Go through the records and report each line holding the string "Folding".
=== Records for this exercise ===
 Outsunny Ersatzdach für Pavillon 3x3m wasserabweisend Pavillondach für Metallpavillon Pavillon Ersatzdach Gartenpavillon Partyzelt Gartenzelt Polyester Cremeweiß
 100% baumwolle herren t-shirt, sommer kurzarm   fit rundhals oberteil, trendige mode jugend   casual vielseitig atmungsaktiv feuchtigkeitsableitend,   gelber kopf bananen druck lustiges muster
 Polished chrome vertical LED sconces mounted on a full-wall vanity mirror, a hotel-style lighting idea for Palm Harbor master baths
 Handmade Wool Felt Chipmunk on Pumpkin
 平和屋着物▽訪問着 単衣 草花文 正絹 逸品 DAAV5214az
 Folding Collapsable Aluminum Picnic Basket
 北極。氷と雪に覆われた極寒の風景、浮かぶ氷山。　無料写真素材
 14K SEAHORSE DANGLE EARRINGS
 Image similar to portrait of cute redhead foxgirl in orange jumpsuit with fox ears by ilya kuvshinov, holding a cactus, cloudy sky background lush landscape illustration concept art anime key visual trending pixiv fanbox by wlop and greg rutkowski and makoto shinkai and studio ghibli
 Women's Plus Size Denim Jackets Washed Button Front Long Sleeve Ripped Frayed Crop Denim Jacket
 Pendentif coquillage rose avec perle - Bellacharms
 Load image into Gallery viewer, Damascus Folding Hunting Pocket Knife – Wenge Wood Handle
===
**Answer area:**
 Folding Collapsable Aluminum Picnic Basket
 Load image into Gallery viewer, Damascus Folding Hunting Pocket Knife – Wenge Wood Handle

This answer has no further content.